= Beginning of Section =
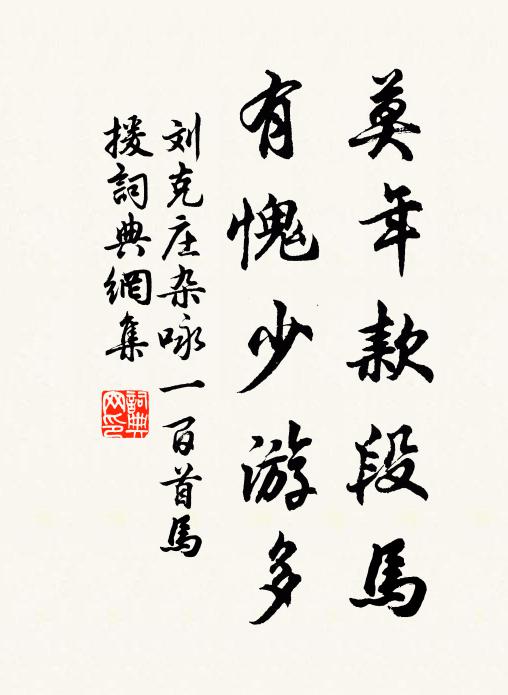 刘克庄莫年款段马，有愧少游多书法作品欣赏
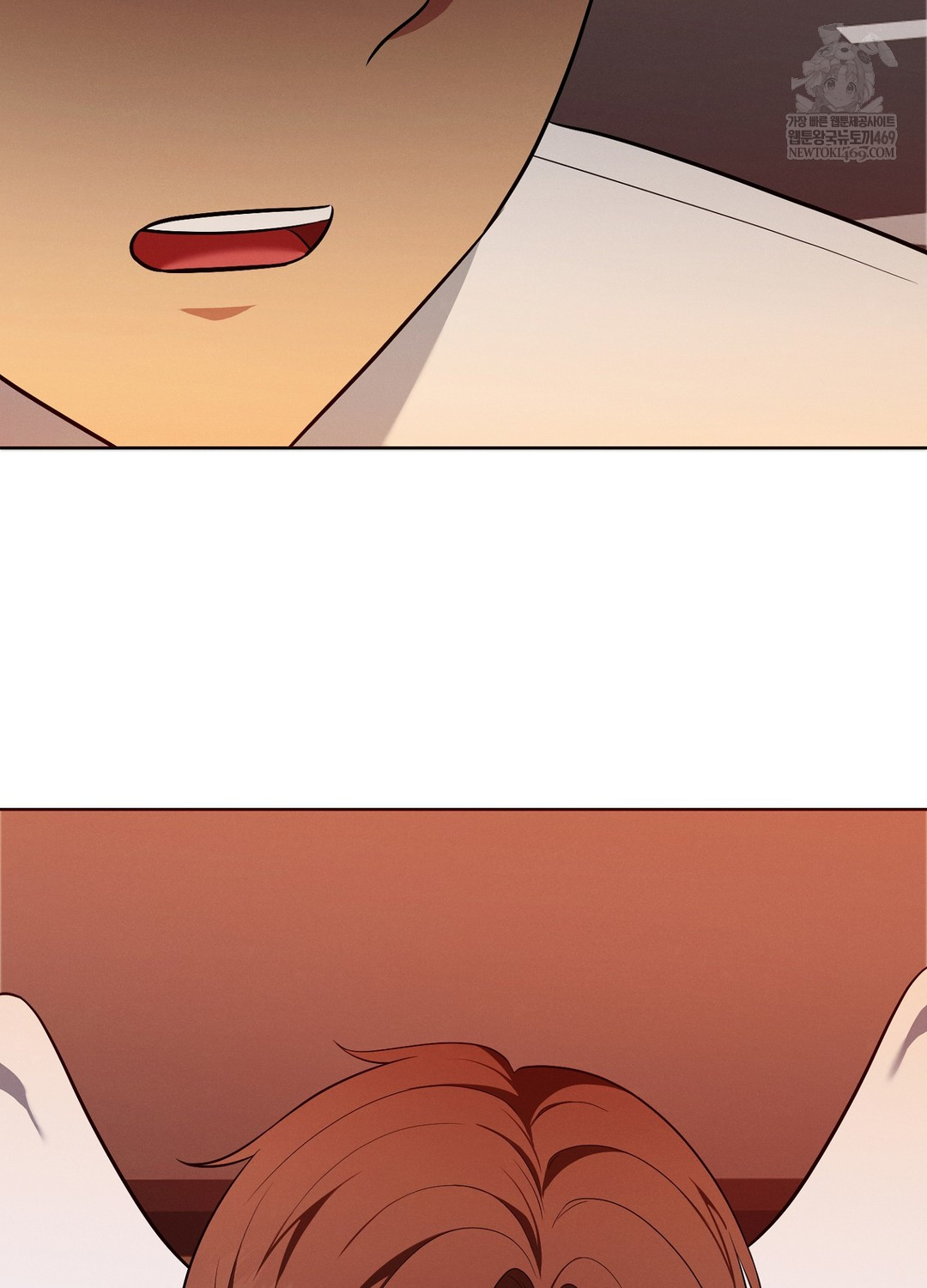 Sleeping World Raw - Chapter 21 Page 38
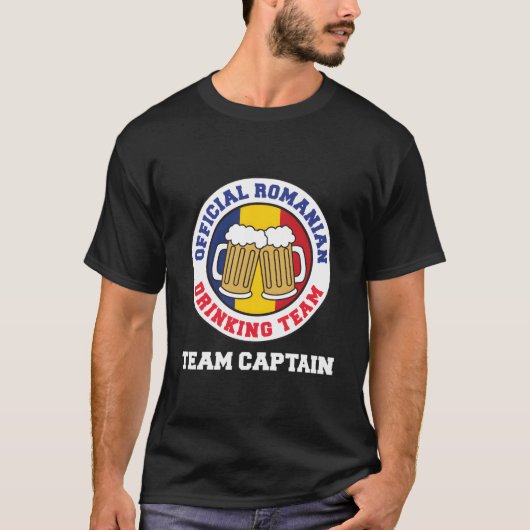 公式ロイアン飲み会チームキャプテン Tシャツ (正面)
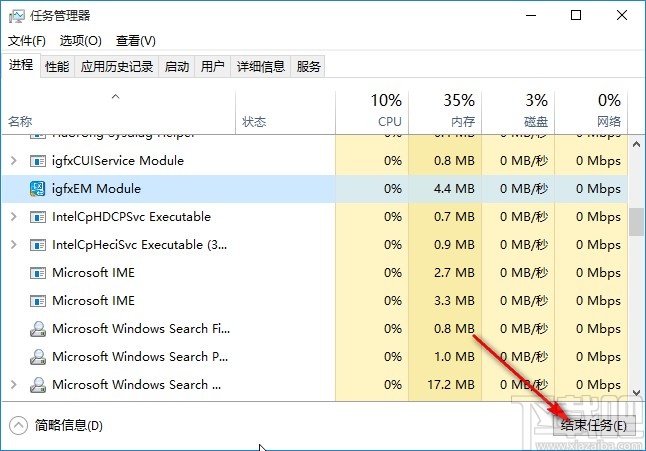 win10系统强制关闭程序的方法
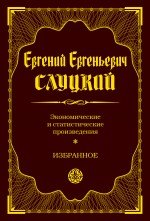 

Экономические и статистические произведения. Избранное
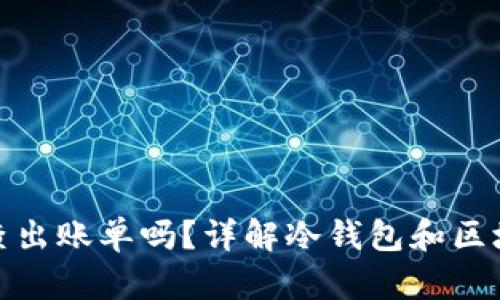 冷钱包地址能查出账单吗？详解冷钱包和区块链的神秘面纱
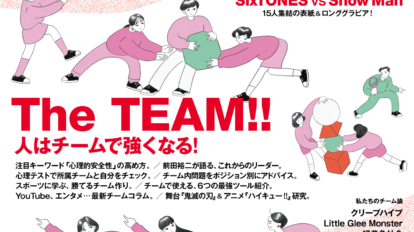 anan 2185号：The TEAM!!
= End of Section =
[WHAT IS REQUIRED] The line containing "Экономические и статистические" and every line after it, through the end of the material above, are to be printed exactly; no pictures belong in the output.

[WRITTEN RESPONSE]
Экономические и статистические произведения. Избранное
 冷钱包地址能查出账单吗？详解冷钱包和区块链的神秘面纱
 anan 2185号：The TEAM!!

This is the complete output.